At the Howard Creek Ranch, where we stay the second half of the week, I meet Shea's friend, carpenter Charles "Sunny" Grigg, who has lived here since the 1970s when the 60-acre property was a hippie commune; since then he and his wife Sally have restored the original 1871 farmhouse and carriage barn as a bed and breakfast. From his haven of hot tubs and prize-winning gardens bordered by ocean and second-growth redwood forest, the bearded Grigg, 63, is writing a book on spirituality.
"I've learned to live my life free of fear - fear of success, fear of failure, fear of what other people think," he tells me from his favourite rocking chair on the porch of the main house. "I want to create a place where other people can learn that, too." He is continually altering the lodgings, which feel dreamlike, part American frontier homestead, part Hansel and Gretel, part Esselen. A swinging wood and metal bridge over a small creek is lit at night with fairy lights, and in the sitting room of the low-ceilinged main house, where we take meals and I leave my boots and half chaps to dry by the fireplace, there's a collage of Americana including a stuffed moose head, antique dolls and Victorian settees. "It will never be finished," Grigg says of the ranch. "It's like a river, meandering."
I've never been one for California New Age mumbo-jumbo, but over our communal breakfast of strawberry banana pancakes Shea tells an extraordinary tale. At night during a remote forest camping trip while training for the Tevis Cup, a cougar spooked the horses. Shea helped round up the others, but her own horse, Gabe, remained missing. "I went hiking in the forest many times, calling his name, and I offered rewards, but weeks later there was no sign of him," she recalls. She became so desperate that she hired three psychics, who all relayed the same message: "Gabe is alive. He says he's in a place with water but no food. He wants you to come get him." Eventually hikers heard Gabe whinnying from the ledge where he had fallen and been stranded, surviving by licking condensed fog. "That horse and I communicated so well that I could ride him without a bridle," Shea says wonderingly. "Both he and I never lost hope."
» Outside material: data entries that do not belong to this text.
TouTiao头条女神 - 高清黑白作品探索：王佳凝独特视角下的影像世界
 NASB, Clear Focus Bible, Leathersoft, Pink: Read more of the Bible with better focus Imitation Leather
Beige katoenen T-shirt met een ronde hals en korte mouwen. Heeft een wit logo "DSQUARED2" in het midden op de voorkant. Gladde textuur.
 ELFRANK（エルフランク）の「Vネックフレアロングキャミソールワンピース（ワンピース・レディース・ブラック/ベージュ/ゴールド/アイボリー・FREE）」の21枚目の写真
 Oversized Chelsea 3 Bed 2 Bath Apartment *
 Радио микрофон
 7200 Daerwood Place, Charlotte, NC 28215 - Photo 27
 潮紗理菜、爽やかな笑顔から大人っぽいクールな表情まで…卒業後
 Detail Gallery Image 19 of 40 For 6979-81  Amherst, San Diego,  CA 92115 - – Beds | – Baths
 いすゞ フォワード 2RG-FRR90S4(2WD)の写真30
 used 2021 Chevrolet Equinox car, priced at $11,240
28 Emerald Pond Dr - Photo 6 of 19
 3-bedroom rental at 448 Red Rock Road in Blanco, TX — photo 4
It's our last day, and everyone has been looking forward to the final ride on the long beach at the mouth of Ten Mile River, including the horses who know the way back to the barn. Citron alarms me, frothing at the mouth, stomping, tossing her head as I shorten the reins. "Keep her back," Shea warns, her eyes scanning the waves sucking at the horses' feet, watching for patches of quicksand where they might sink and strain a leg. "Don't let Citron pass me."
The sand turns hard and we leap away, trading turns at the front with Shea. "Flight instinct is why we can ride them, you know," she calls over the roaring surf. "Tap your heels and a horse says 'OK, I'm out of here'." Riding is all about channelling that energy, and I've been learning relaxation is the best form of control. Citron and I find our rhythm. She makes some executive decisions, picking her way between the other horses to avoid getting sand kicked in her face, and jumping rather than striding over bleached fish skeletons, driftwood and kelp.